While gaming industry giant Activision Blizzard suffered a setback in its effort to get acquired by Microsoft the other day, the company was able to share positive first-quarter financial results earlier this week. The Call of Duty and Overwatch maker continues its trend reversal after experiencing declining revenues and profits towards the tail end of the global pandemic with net revenues growing 34.5% year-over-year from $1.77B USD to $2.38B.
A player base of 368M monthly active users (MAUs) is responsible for Activision Blizzard’s upswing in revenues as its customers were responsible for $695M in product sales (up from $386M in Q1 2022) and $1.69B in in-game and subscription revenues (up from $1.38B in Q1 2022). The company’s MAUs were led by its mobile gaming segment King with 243M MAUs, while its console gaming business Activision Publishing recorded 98M MAUs and its PC gaming business Blizzard Entertainment had 27M MAUs.
As per usual, Activision Blizzard’s growth was driven by its five largest intellectual properties: Call of Duty, Candy Crush, Warcraft, Overwatch, and Diablo. The Call of Duty franchise was responsible for driving the Activision Publishing segment’s operating income to more than triple the year-ago level with segment revenue increasing by 28% year-over-year. The continued growth of Warcraft, Overwatch, and Diablo resulted in the Blizzard Entertainment segment experiencing a 62% year-over-year revenue growth.
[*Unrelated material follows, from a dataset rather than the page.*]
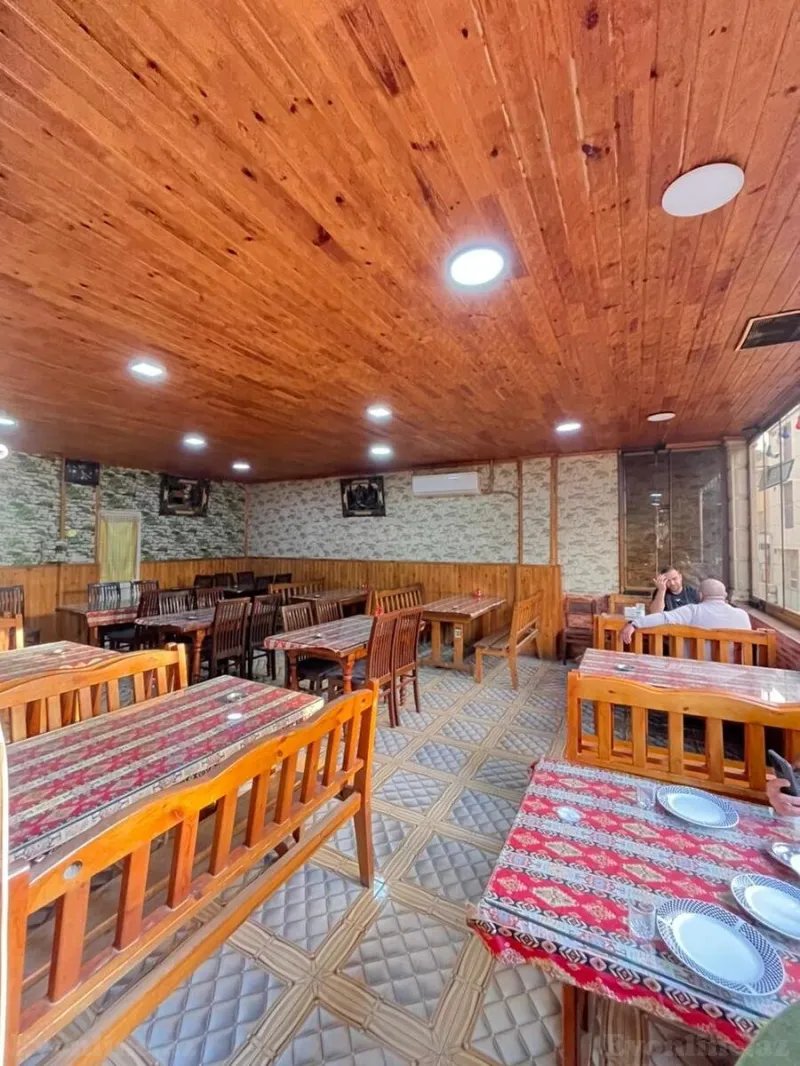 Satılır Obyekt 400 m² Həzi Aslanov - şəkil 4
During the first quarter of 2023, Activision Blizzard spent $402M on product development and invested $363M into game operations and distribution. In total, the company recorded operational costs and expenses of $1.58B, resulting in an operating income of $800M. After interests and taxes, Activision Blizzard earned a net income of $740M in Q1, 2023, up 87% compared to a $395M profit in the same period of 2022. The company ended the quarter with a net cash position of approximately $8.9B.
As part of the earnings report, Activision Blizzard’s CEO Bobby Kotick addressed the decision of the United Kingdom Competition and Markets Authority (CMA) to block the planned acquisition by Microsoft at $95 per share due to concerns related to cloud gaming, saying that “we remain confident that our deal with Microsoft benefits competition, consumers, and job creation in markets around the world, especially in the UK. The CMA’s report today does not reflect these realities, and we will work aggressively with Microsoft to reverse it on appeal.” Initially, the acquisition was expected to be completed by June 2023, however, Microsoft and Activision Blizzard are struggling to get the transaction approved by regulatory authorities with the EU Commission recently pushing back its decision to May 22 and the U.S. Federal Trade Commission scheduling an evidentiary hearing for Aug. 22.